セシィが私室から出るとすぐ脱力してベッドに寝転がって目を閉じる。すると、興奮して寝つきが悪かった昨日とはうって変わって、すぐに夢の世界へと入っていった。



―――――――――


コンコンッ。


『おはようございます。お嬢様。』


『おはよう。セシィ。』


『あら、今日はちゃんとお目醒めになっているのですね。』


『そんな続けて寝坊なんてしないよ。そもそも私が余り寝坊しないのはセシィが一番良くわかっているでしょ?』


『まぁそうですが残念です。』


『セシィに対する恐怖感が良いように作用しているのねきっと!そう確信した!今ので!』



朝の支度をすませて、朝食を取りながら、今日一日の予定を考える。今日は何があったっけ?たまには待女に頼らなくても平気だと言うところを見せねばなるまい。

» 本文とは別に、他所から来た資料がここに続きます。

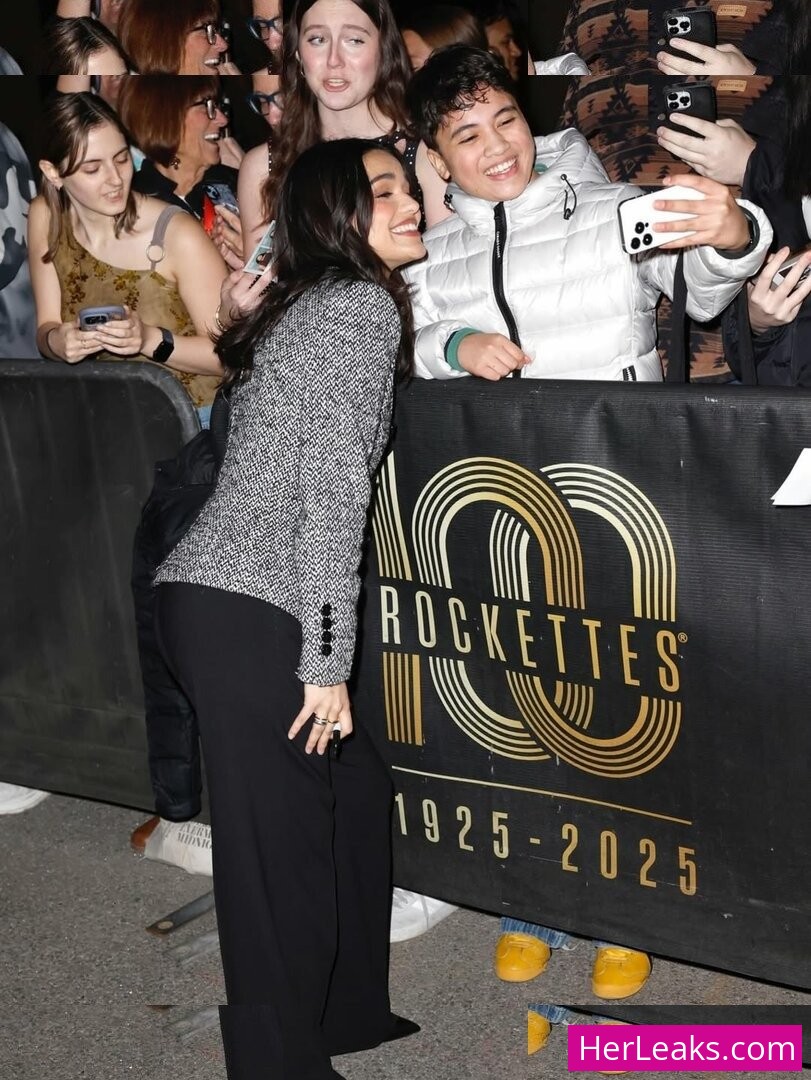 Rachel Zegler - Image 24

・・・あれ今日の予定ってなんだっけ。全然思い出せない。



『今日は特に何もご予定はありませんよ、お嬢様。』


『そう、流石ね。言われる前に先回りなんて。』


『顔にそう書いてありましたから。』


そうか。そうなのか。顔に出ていたならば仕方がない。

しかし、予定が何もないとなると、どうすれば良いのだろう。二度寝するにも眠気がないし、本を読もうにも、こないだ読み返したばかりである。魔法の練習は…、目の前の待女が許してくれない気がする。窓から外を眺めてみる。非常に良い天気だ。


『お出掛でもしようかしら。』

『ダメですよ。襲われたらどうするんですか。』


ふと声にでた事が即座に否定される。


『む、良いじゃない偶には。社会勉強よ。べ・ん・きょ・う』


正直な所、暑いし、言うほど出たくもなかったのだが、そうもあっさり否定されると意地でも外に出たくなってくる。否出てやる。


『ちょっとお父様に許可貰ってくるわ。』


言うが早いか、俺は私室からおそらく父が居るであろう執務室に向け、てくてくと歩きだしていた。


活動報告にも書いたのですが、5話以内の入学という公約、守れなそうです…。